一、申立人所有の別紙目録記載の不動産につき、福岡法務局松崎出張所昭和三四年七月二八日受付第二、〇六一号をもつて手形取引契約についての債権を担保するためとして、つぎのような根抵当権の設定登記がされている。

根抵当権者―二日市信用組合。債務者―中村岩太郎。債権元本極度額―二〇〇、〇〇〇円。

而して抵当権者二日市信用組合は、当庁に右抵当権の実行を申立て当庁昭和三五年(ケ)第三四号事件として受理されて手続が進行し、昭和三七年二月六日相手方に競落許可決定がなされ、同人は代金を納付したので、同人のため所有権移転登記がなされた。しかして同人の申立により当庁昭和三七年(ヲ)第五二号不動産引渡命令が、昭和三七年五月一七日発せられ、申立人は執行吏黒岩強祐から引渡を命ぜられている。

二、しかしながら申立人は前記物件を担保に供するようなことをしたことは全くない。これは申立人の妹婿である申立外中村岩太郎が申立人の実印を勝手に持出して申立人の同意なしに登記したものである。

三、以上の次第で別紙目録記載の物件上の前記抵当権は無効のものであるから、相手方は競落許可決定があるも所有権を取得しないものである。よつて不動産引渡命令の執行はこれを許さない旨の裁判を求める。

第二、当裁判所の判断

競売法二条一項は、「競買人は競落に因りて競売の目的たる権利を取得す」と規定しているが、これはもとより抵当権設定者からの承継取得であるから、無効の抵当権にもとずく競売手続により競落人はその競落不動産の所有権を取得することはできないものである。

しかし競落不動産の引渡執行は抵当権者の金銭的満足という目的には奉仕せず、これと無関係に競落人が競落の結果売主たる抵当権設定者に対して取得する競売目的物引渡請求権の満足のために展開されるのであるから、競落人と抵当権設定者との関係は基本たる執行関係から分岐して独立の地位に立つものである。従つて抵当権設定者は、競落人が競落許可決定の確定によつて取得した引渡請求権の無効不存在を主張する場合は格別、競売申立の原因たる抵当権が存在しないという抵当権者に対する事由をもつて競落人に主張することができないものである。
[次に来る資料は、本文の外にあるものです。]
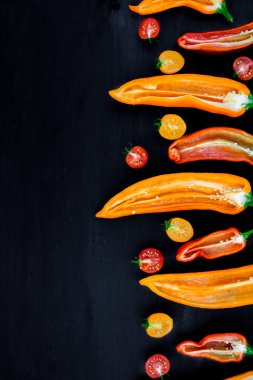 Yarım kırmızı ve sarı biber yeşil dal kiraz domates siyah arka plan üzerine yakınındaki karışık. Üstten Görünüm. Çerçeve. Kopya alanı.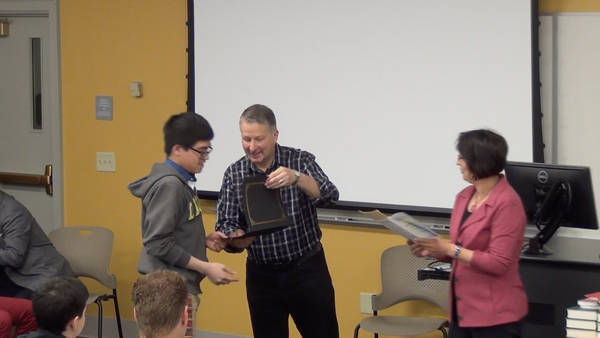 Students receive the Outstanding Student Awards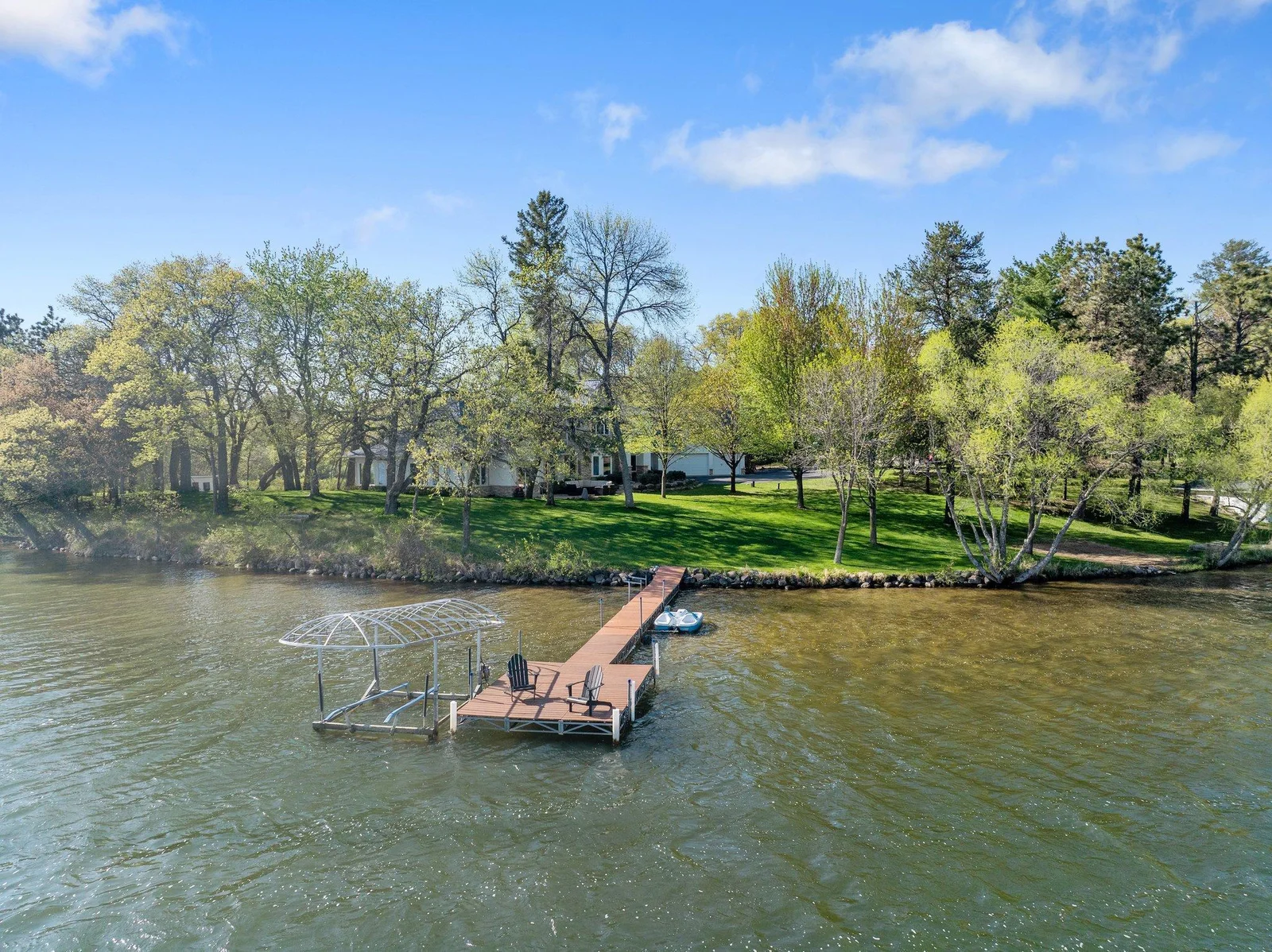 Boat lift and dock with chairs are included!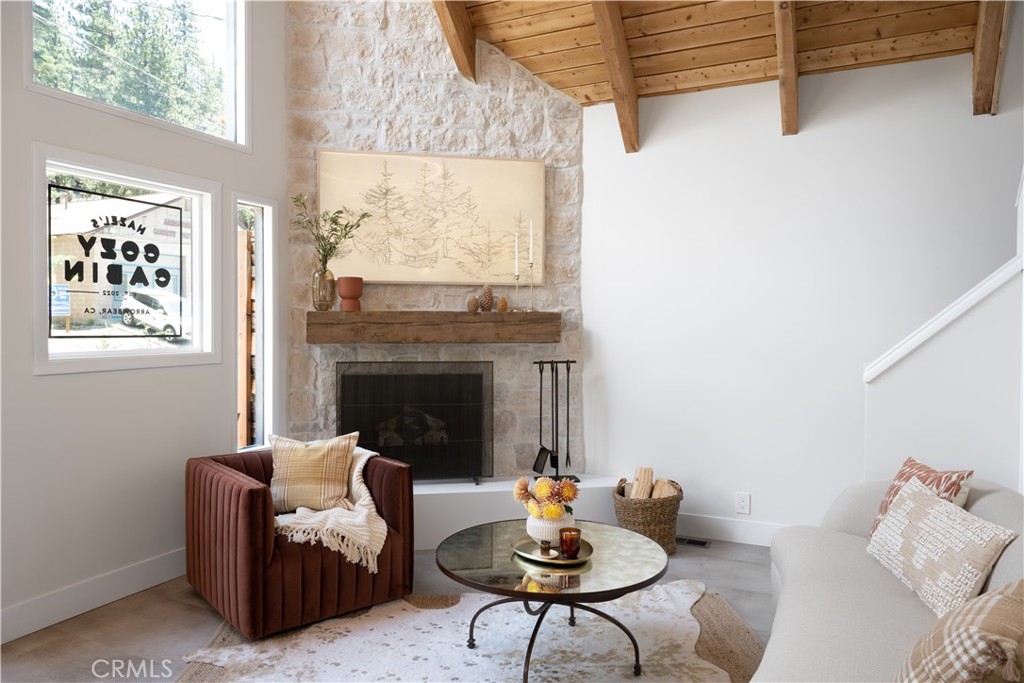 2358 Fir Drive Running Springs, CA 92382 - Photo 3 of 40 a living room with furniture and a fireplace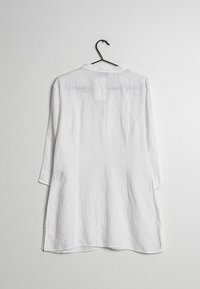 Camicia bianca in lino a maniche lunghe appesa a un gruccia, con scollo rotondo, vestibilità rilassata e una texture leggermente trasparente. Fessure laterali all'orlo.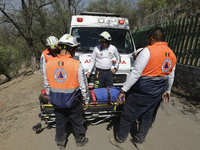 Members of Civil Protection are rescuing a person who suffered a fall while climbing Cerro de la Estrella in the Iztapalapa mayor's office i...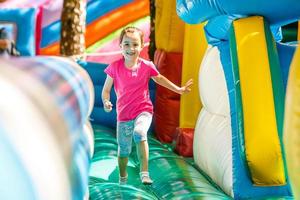 Happy little girl having lots of fun on a jumping castle during sliding. photo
もしかかる事由を主張することができるものとすると、競落人は所有権を取得したときに限り不動産引渡命令を求めうることになり、かくては執行裁判所は所有権取得の事実の有無を確定するため競売開始前の事情までさかのぼつて調べる必要があるものといわざるをえなくなり、このようなことは、競落人に別に訴を提起しないで、簡易迅速に占有を取得させることを目的とする不動産引渡命令の制度上許されないのである。そして申立人の主張する前記異議の理由は競売申立の原因に存する事由であること、その主張自体により明白である。

従つて申立人の異議申立は他の判断をまつまでもなく失当であること明白であるからこれを却下することとし、申立費用については民訴法八九条を適用して主文のとおり決定する。